**RECORDED DATA**
--- START ---
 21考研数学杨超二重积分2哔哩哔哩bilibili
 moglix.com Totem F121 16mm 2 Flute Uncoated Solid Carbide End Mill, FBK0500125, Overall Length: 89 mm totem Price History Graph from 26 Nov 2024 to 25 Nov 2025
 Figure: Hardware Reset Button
--- END ---
--- START ---
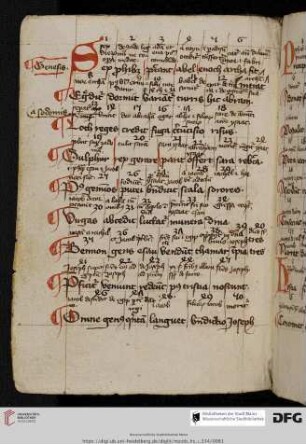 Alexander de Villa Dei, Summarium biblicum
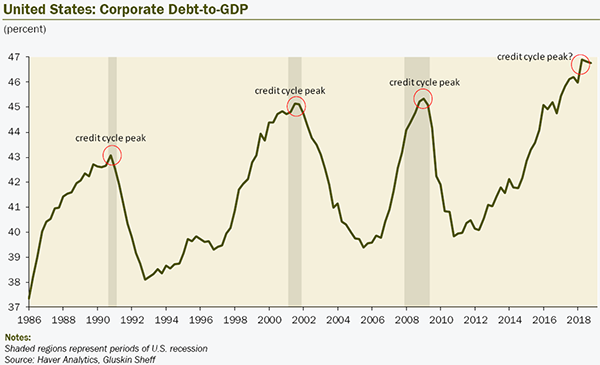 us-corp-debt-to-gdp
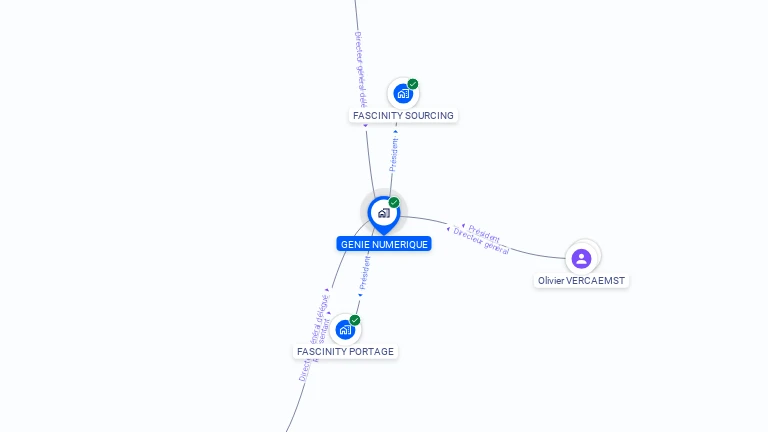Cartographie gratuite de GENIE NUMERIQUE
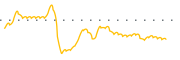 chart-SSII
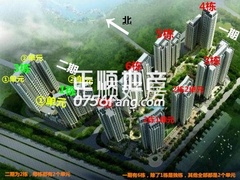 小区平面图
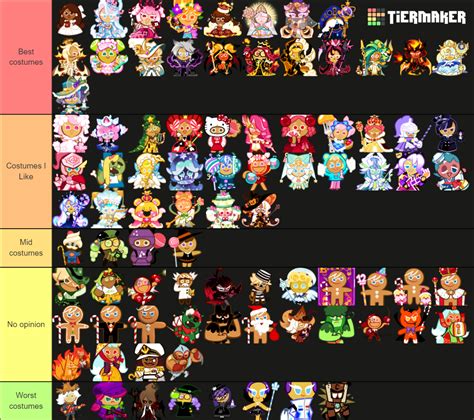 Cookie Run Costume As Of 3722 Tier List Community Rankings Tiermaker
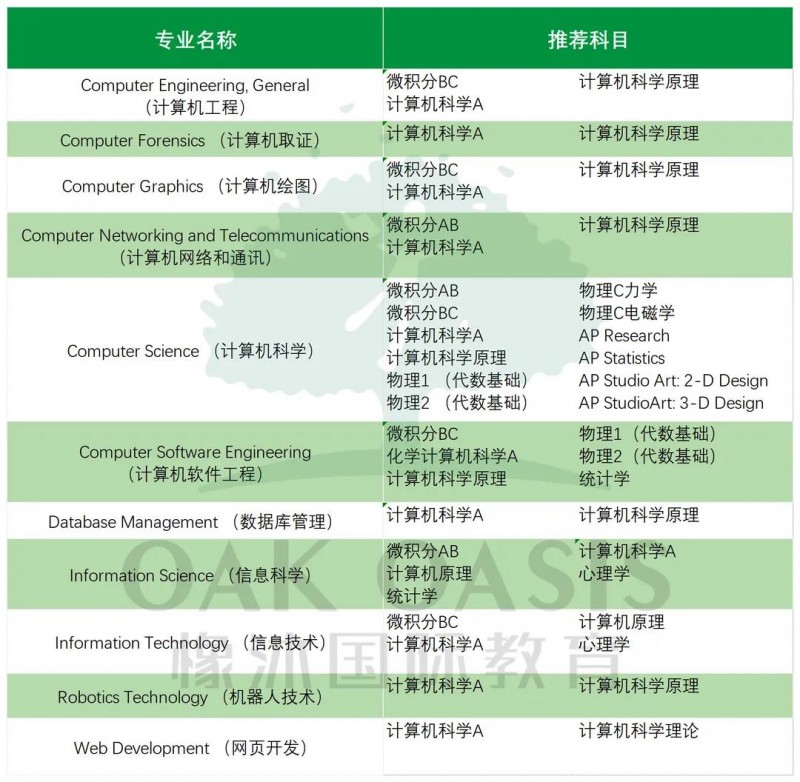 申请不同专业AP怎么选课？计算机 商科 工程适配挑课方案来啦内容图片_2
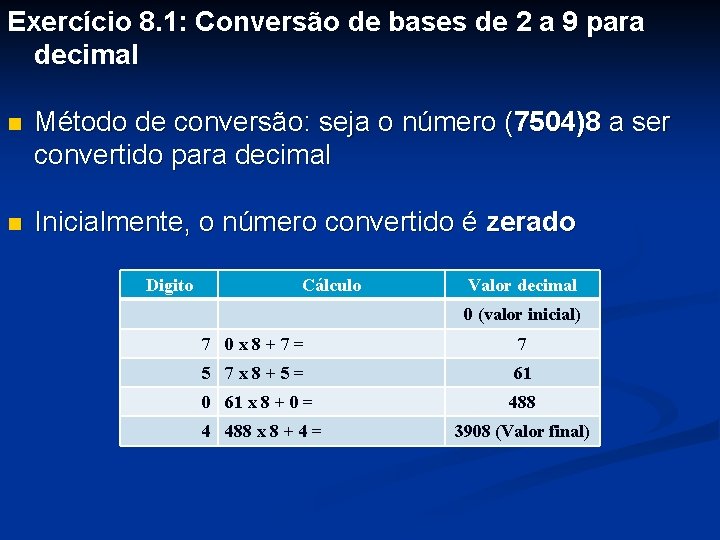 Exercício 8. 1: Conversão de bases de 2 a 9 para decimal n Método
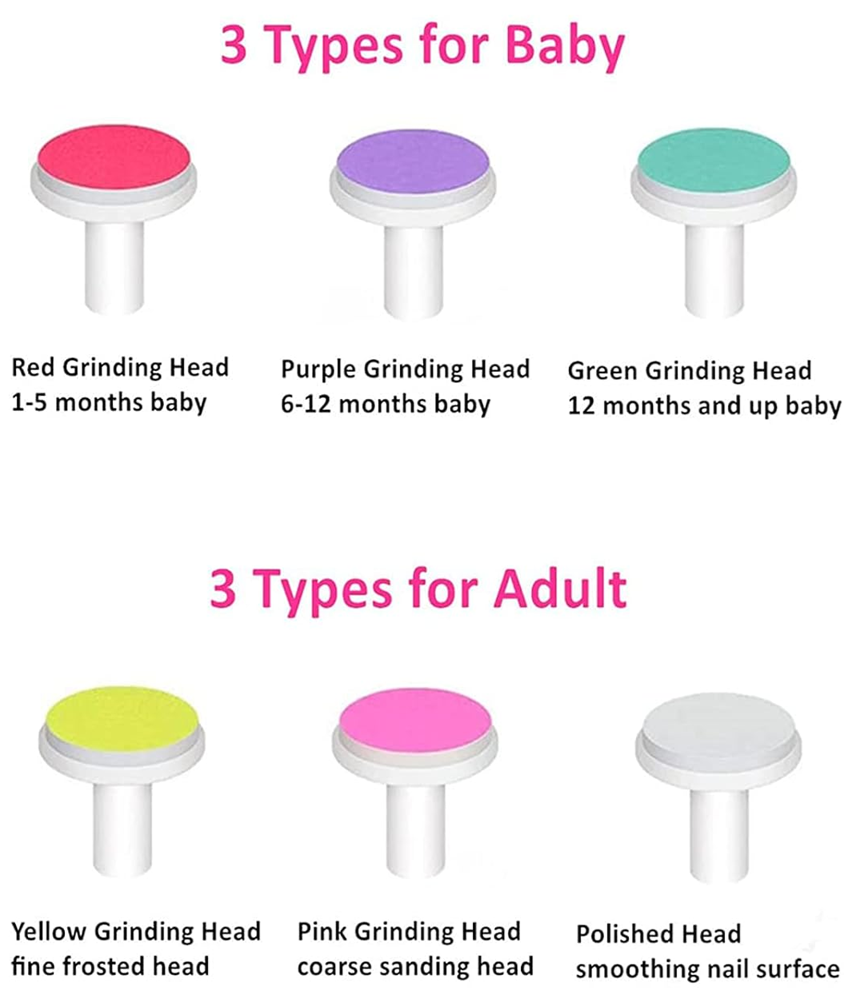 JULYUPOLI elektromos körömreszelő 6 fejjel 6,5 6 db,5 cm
--- END ---
--- START ---
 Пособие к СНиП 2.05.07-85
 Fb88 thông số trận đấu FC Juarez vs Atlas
--- END ---
Give back the exact lines above, running from the one that has "Cookie Run Costume" through the one that has "JULYUPOLI elektromos körömreszelő", with nothing added and no pictures.

 Cookie Run Costume As Of 3722 Tier List Community Rankings Tiermaker
 申请不同专业AP怎么选课？计算机 商科 工程适配挑课方案来啦内容图片_2
 Exercício 8. 1: Conversão de bases de 2 a 9 para decimal n Método
 JULYUPOLI elektromos körömreszelő 6 fejjel 6,5 6 db,5 cm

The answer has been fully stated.